Material provided =
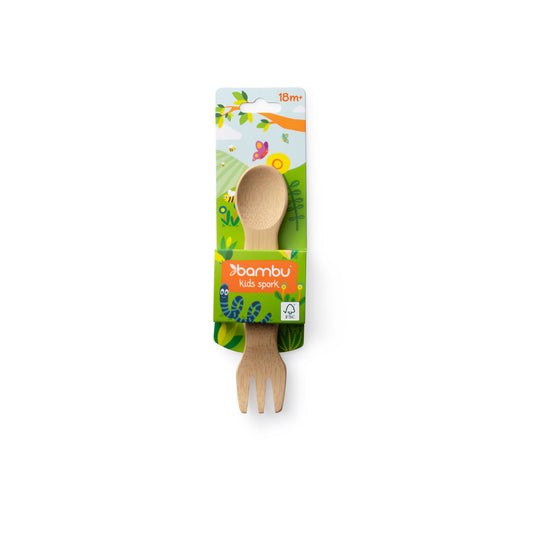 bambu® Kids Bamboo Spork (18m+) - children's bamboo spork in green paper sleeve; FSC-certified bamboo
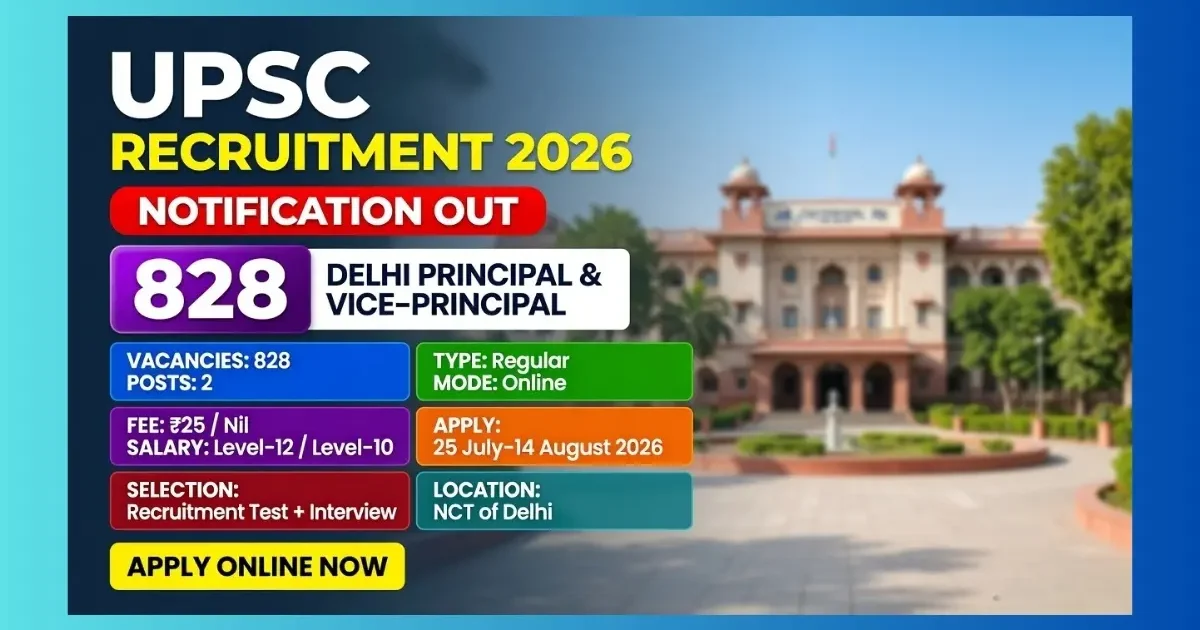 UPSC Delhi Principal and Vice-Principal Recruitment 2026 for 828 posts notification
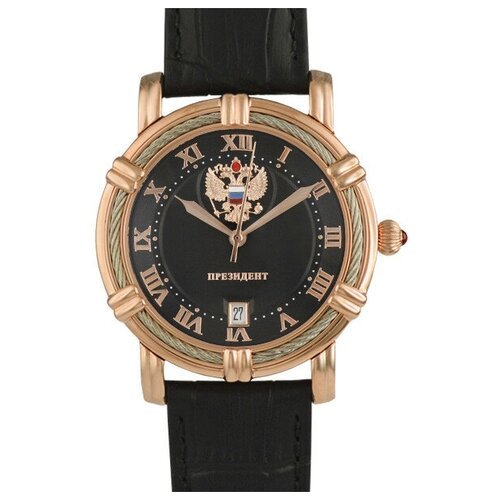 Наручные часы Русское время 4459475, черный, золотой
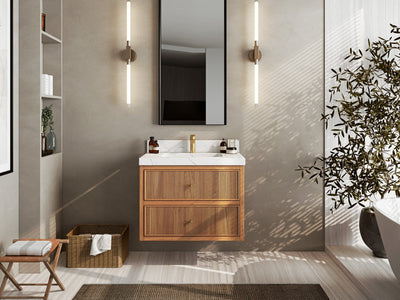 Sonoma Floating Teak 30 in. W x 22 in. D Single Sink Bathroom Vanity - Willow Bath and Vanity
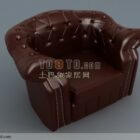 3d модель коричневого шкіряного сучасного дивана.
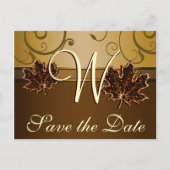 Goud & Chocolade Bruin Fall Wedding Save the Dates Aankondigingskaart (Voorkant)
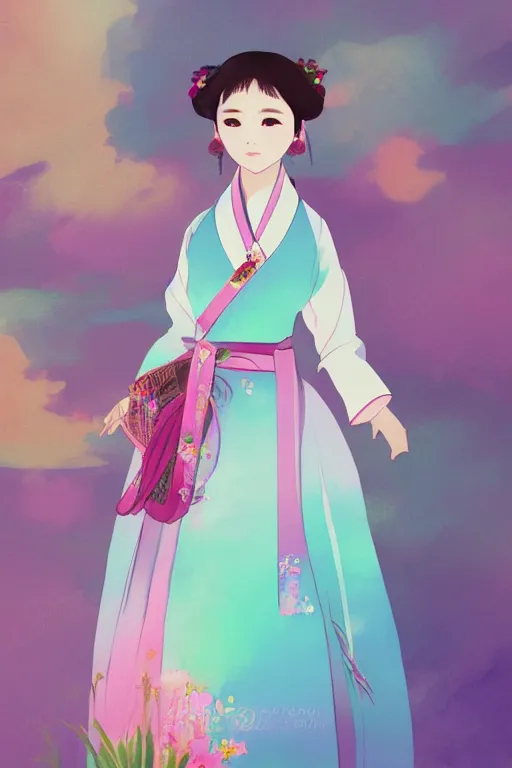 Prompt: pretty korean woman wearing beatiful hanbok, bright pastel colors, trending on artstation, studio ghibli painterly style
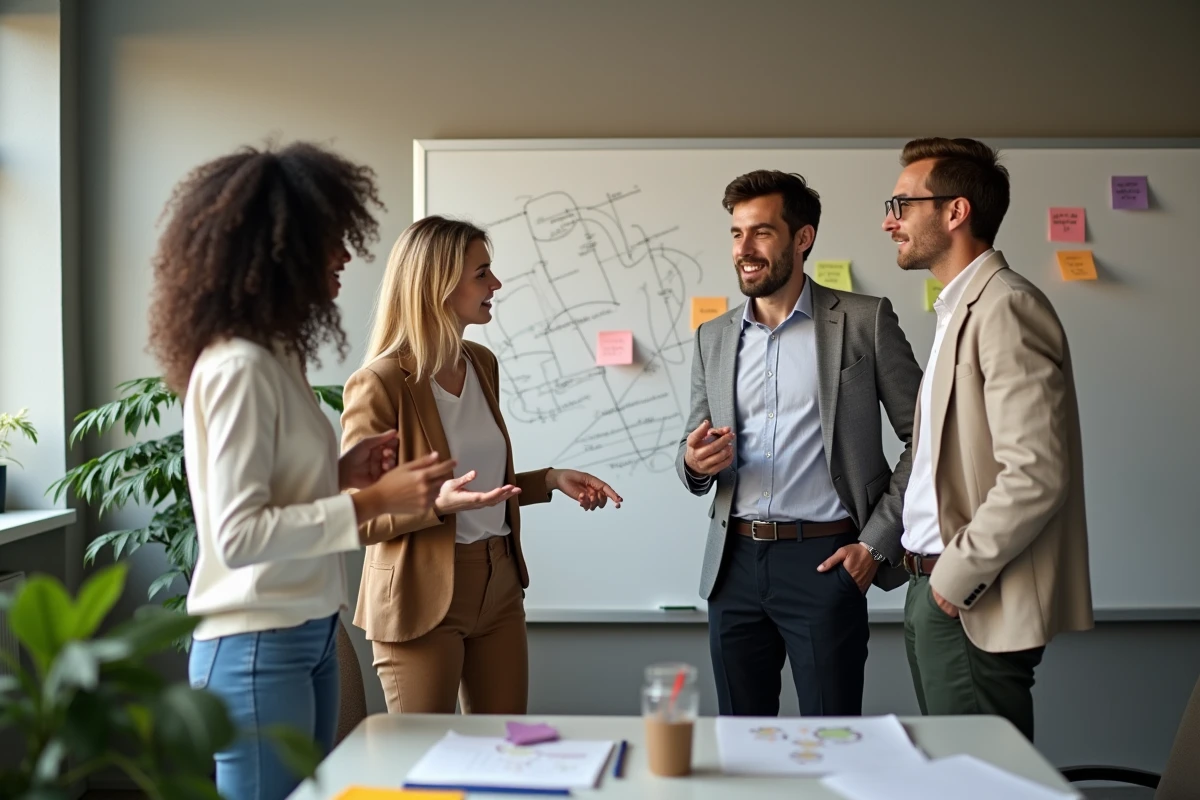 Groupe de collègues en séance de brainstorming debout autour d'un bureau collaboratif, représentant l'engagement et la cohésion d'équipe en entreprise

Problem requirements =
For this exercise, transcribe exactly the part of the records above that opens with the line containing "Goud & Chocolade" and closes with the one containing "Prompt: pretty korean". Pictures are not part of the copy.

Result below =
 Goud & Chocolade Bruin Fall Wedding Save the Dates Aankondigingskaart (Voorkant)
 Prompt: pretty korean woman wearing beatiful hanbok, bright pastel colors, trending on artstation, studio ghibli painterly style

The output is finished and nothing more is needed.